What thing is responsible for the explicit line joining?
Asked Answered
E

0

7

It seems that the Python tokenizer isn't responsible for the explicit line joining. I mean if we write the following code in file script.py:

"one \
two"

and then type python -m tokenize script.py in the command prompt, we will got the following table:

0,0-0,0:            ENCODING       'utf-8'
1,0-2,4:            STRING         '"one \\\ntwo"'
2,4-2,5:            NEWLINE        '\n'
3,0-3,0:            ENDMARKER      ''

This means that the second token contains the string '"one \\\ntwo"'. But I expected it to be the string '"one two"' instead. So what thing actually handles the explicit line joining in Python? Maybe the Python parser does it?
Or maybe there is some separate "evaluation stage" between the tokenization and parsing stages, where each token string is transformed into a more convenient representation for parsing (this stage is responsible for explicit line joining)?

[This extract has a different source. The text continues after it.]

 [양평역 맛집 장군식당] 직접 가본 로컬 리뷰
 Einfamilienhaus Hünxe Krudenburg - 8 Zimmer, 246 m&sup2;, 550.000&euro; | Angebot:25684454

Wikipedia has some words about the evaluation stage in the general programming context (i.e. it doesn't talk specifically about Python), but this description is not very clear for me, and I couldn't come up with any more examples (besides the explicit line joining in string literal) when such a potential evaluation is necessary in Python. And the existence of such evaluation stage would mean that the parser doesn't get its input directly from the tokenizer...

I also tested how the Python tokenizer treats the explicit line joining outside the string literals. I entered

2 + \
3

And got the following tokens:

0,0-0,0:            ENCODING       'utf-8'
1,0-1,1:            NUMBER         '2'
1,2-1,3:            OP             '+'
2,0-2,1:            NUMBER         '3'
2,1-2,2:            NEWLINE        '\n'
3,0-3,0:            ENDMARKER      ''

In this case the tokenizer simply removed the \ symbol, as I expected.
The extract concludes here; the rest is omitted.